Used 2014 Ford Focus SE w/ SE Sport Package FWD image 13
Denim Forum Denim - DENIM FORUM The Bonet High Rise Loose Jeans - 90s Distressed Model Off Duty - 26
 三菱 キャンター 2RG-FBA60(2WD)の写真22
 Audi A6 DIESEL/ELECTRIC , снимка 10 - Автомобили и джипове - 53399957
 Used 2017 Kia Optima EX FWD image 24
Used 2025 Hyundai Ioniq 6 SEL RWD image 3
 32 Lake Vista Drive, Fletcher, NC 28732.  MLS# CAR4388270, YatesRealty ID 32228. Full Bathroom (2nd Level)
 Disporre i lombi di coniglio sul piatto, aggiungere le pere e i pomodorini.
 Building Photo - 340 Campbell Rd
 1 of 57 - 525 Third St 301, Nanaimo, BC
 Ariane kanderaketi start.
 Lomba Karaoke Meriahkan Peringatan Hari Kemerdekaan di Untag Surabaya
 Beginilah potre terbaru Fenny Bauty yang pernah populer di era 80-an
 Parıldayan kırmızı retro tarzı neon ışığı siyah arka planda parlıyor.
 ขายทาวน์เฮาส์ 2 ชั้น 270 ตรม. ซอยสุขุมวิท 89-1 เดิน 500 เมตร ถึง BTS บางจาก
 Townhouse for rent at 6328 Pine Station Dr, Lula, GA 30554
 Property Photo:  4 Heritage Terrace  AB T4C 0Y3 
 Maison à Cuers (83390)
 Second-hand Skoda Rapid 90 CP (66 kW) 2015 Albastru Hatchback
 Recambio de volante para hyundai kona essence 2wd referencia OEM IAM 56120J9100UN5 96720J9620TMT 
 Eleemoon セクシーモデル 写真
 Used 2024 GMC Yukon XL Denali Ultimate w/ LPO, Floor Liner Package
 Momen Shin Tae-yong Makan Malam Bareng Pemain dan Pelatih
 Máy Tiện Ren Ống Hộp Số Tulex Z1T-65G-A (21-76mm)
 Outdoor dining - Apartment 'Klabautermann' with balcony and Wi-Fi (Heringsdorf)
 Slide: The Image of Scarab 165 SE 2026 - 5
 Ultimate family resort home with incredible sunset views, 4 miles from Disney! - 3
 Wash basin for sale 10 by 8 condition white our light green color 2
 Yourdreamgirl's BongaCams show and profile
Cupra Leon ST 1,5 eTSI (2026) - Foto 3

- WHAT TO PRODUCE -
Go through the lines above and copy any that contain "Ultimate".

- TASK RESPONSE -
 Used 2024 GMC Yukon XL Denali Ultimate w/ LPO, Floor Liner Package
 Ultimate family resort home with incredible sunset views, 4 miles from Disney! - 3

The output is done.